A dangerous Kensington intersection where a woman was killed while crossing the street earlier this summer might be getting safety improvements, according to Councilman Brad Lander, who said the New York State Department of Transportation (DOT) is in the process of re-evaluating the corner.
Lander (D-Park Slope-Kensington) said he and other elected officials recently received a letter from state DOT officials in which the transportation experts indicated that they are considering improvements to the intersection.
The letter was greeted with sighs of relief, according to Lander, who said the state agency had earlier seemed to be putting the brakes on a New York City Dept. of Transportation plan to install safety features at the intersection, Lander said.
State DOT would have to sign off on any safety improvement plan by the city DOT because Ocean Parkway, which includes the Prospect Expressway for much of its route, is a state roadway.
In June, 73-year-old Ngozi Agbim was hit and killed by a semi truck at the intersection of Ocean Parkway and Church Avenue. KensingtonBK reported that the victim had been walking on Church Avenue and was crossing the intersection when she was struck by a truck making a hard turn from Ocean Parkway onto Church Avenue.
“It has saddened me that someone died in this tragic accident,” Kensington resident Arlette F. Mathis said. “My family and I cross that intersection daily. We fear crossing, because even with the signage, drivers speed onto the Prospect Expressway and seldom yield to pedestrians. Something like this should never happen again,” Mathis said.
There were 36 pedestrian and cyclist injuries and four fatalities at the intersection between 1995 and 2008, according to Transportation Alternatives’s CrashStat study. Six pedestrians were killed on Ocean Parkway between 2009 and 2011 – more than on any other road in Brooklyn – according to Tri-State Transportation Campaign’s “Most Dangerous Roads for Walking” report.
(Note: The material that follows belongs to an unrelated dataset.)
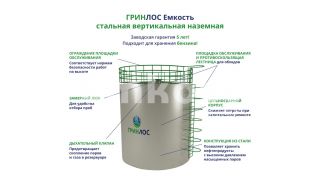 ГРИНЛОС Емкость стальная 200 м3 вертикальная наземная - фото 2
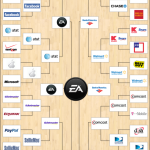 Electronic Arts élue pire société de 2013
Despite the fact that the state DOT now seems more amenable to safety measures at the intersection, Lander said he doesn’t want to take any chances.
On Wednesday, Lander, joined by Kensington residents and transportation safety advocates, delivered petitions to Governor Andrew Cuomo’s Manhattan office urging him to push the state DOT approve the city DOT plan.
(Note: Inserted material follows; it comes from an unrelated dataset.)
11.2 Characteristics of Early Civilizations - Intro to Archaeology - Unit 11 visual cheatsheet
The petition is titled “Our neighborhood is not a highway!” The delegation delivered 831 petition signatures to the governor.
Last year, residents in Lander’s district voted in the councilman’s participatory budgeting process to allocate $200,000 to safety upgrades at the notorious intersection. But the money has gone unspent because the state DOT has not approved the city DOT plan, Lander said.
“We are encouraged that NYS DOT is finally recognizing the need for safety improvements at this dangerous intersection,” Lander said. “But the time for study has passed. NYC DOT has a plan on the table; my constituents voted for it, we put the funding in the budget last year. NYS DOT has had the proposal for more than nine months. It is time for them to act,” he said.
“Ocean Parkway has long been one of Brooklyn’s deadliest roads for walking,” said Vincent Pellecchia, general counsel for the Tri-State Transportation Campaign. “NYS DOT can make this dangerous road safer by signing onto a traffic safety plan that not only makes sense, but has funding and broad neighborhood support,” he said.
Kensington residents are hopeful that something will be done to make the corner safer for pedestrians to cross.
“I am heartened by the prospect that real improvement can come to this intersection,” resident Neil Reilly said.